El Payé comprendió que jamás estaría solo, pues pudo ver a quienes encontraría en esta misión: el profesor de una escuela rural con sus niños y un sacerdote con sus feligreses, ambos de la Zona Cafetera; un palabrero wayúu, rodeado por la intensa luz del desierto guajiro; un piache o chamán indígena del pueblo guahibo, que habitaba las llanuras orientales; un jaibaná del pueblo embera del Pacífico, con su rostro dibujado con geométricas líneas pintadas con la tinta del árbol de jigua; un pescador del Caribe con su alegre comunidad, y el guardabosques de un parque nacional.

—Nunca estarás solo, porque también te acompañarán otros hijos míos.
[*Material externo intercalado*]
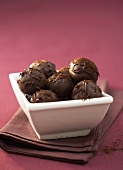 Whisky and coffee truffles in small dish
Quiero que los conozcas y los recibas con cariño —expresó con su voz de manantial Madre Tierra, y al mover sus manos diversos seres mágicos desfilaron volando alrededor del Payé: la Madremonte de la Zona Cafetera; el Curupira del Amazonas; el duende de las llanuras orientales; Pulowi, la diosa wayúu de los vientos guajiros; la Sirena del Arco del océano Pacífico; Anansi, la pícara araña del mar Caribe, y la Mapalina de los páramos.

—Es hora de partir —dijo Madre Tierra, y de ella surgió un resplandor que envolvió al Payé y a la Madremonte con su vestido de hojas y flores de la selva. El anciano cerró sus ojos y cuando los abrió se encontró de nuevo en su hamaca dentro de la maloca. El cielo nocturno ya decía adiós a las estrellas, y en la semipenumbra del amanecer escuchó una suave voz que lo invitaba a viajar.

—Debemos salir ya. Nos esperan el loro orejiamarillo y la palma de cera. Se acerca la Semana Santa y hay angustia en la Zona Cafetera. Vamos cuanto antes —dijo la Madremonte extendiéndole su mano para ayudarle a salir de la hamaca.

Al tomar sus dedos nervudos semejantes a bejucos nudosos con largas uñas, el Payé sintió todo el amor y toda la angustia de esa mágica aparición, preocupada por el destino de la vida. Notó que volaba de nuevo. Este era el comienzo de la primera aventura.

1 Ver al final del libro el GLOSARIO con la descripción de las palabras que aparecen en gris.